- The Tea Association of India(TAI) has urged State governments to restrict new lands being brought under tea cultivation for at least five years in order to bring a balance in tea demand and supply.
- TAI has pointed out that the economic sustainability of the organised tea plantation sector was in jeopardy due to shrinking margins on account of a mismatch between production costs and tea prices.This has affected the livelihood of over five million people directly and indirectly employed in this sector.
- The TAI report said that between 2008 and 2018,tea prices have increased by about 4.8% annually whereas the wage costs have increased by over 10%.Other input expenses have risen by over 7%.
- The tea prices have not risen due to the rapid increase in tea supply, especially from the small tea growers(STG) segment.In 2018,this segment accounted for a 48 % share in India’s output as against 20% in 2003.

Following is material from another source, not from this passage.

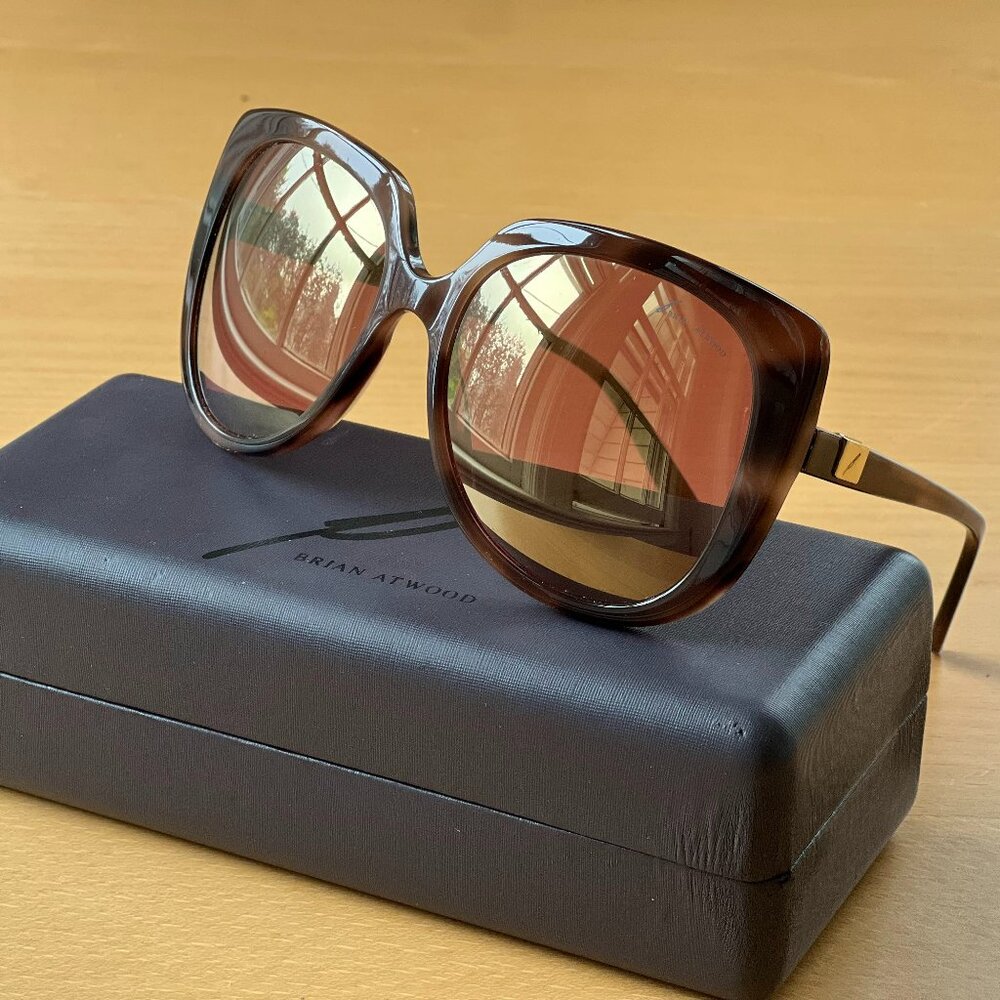 Brian Atwood oversized brown sunglasses
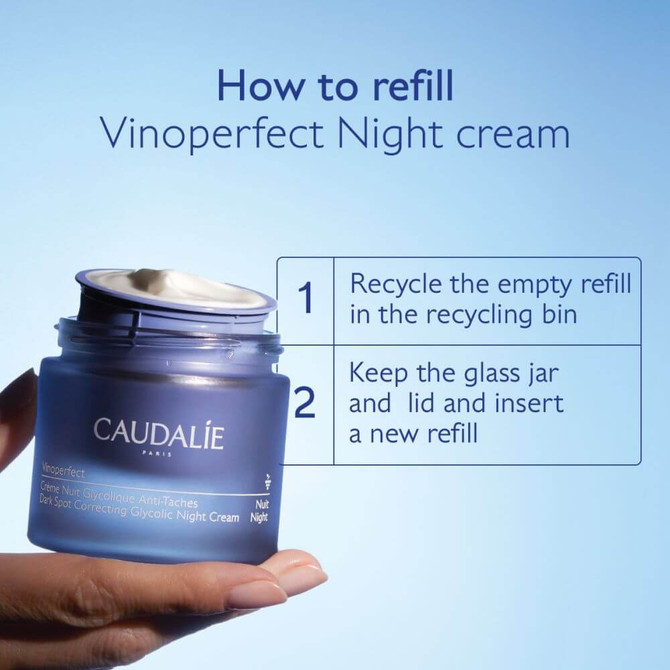 Caudalie Vinoperfect Dark Spot Correcting Glycolic Night Cream Duo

- This rapid growth of the small grower sector has led to the emergence of a dual business model with completely different costs of production and one in which most of the organised plantations are faced with selling teas below their cost of production.
- This is mainly because the STG segment is not governed by the same laws like the Plantation Labour Act as the large estates are.
- Hence,TAI believes that such a restriction would temporarily slow down the growth in supply of tea and allow tea consumption to catch up thereby re-establishing an equilibrium.
- The Indian Tea Association is a trade association of Indian tea producers .The head office is in Kolkata.The association was founded in 1881 to protect the interests of tea planters in British India and to promote the consumption of Indian tea.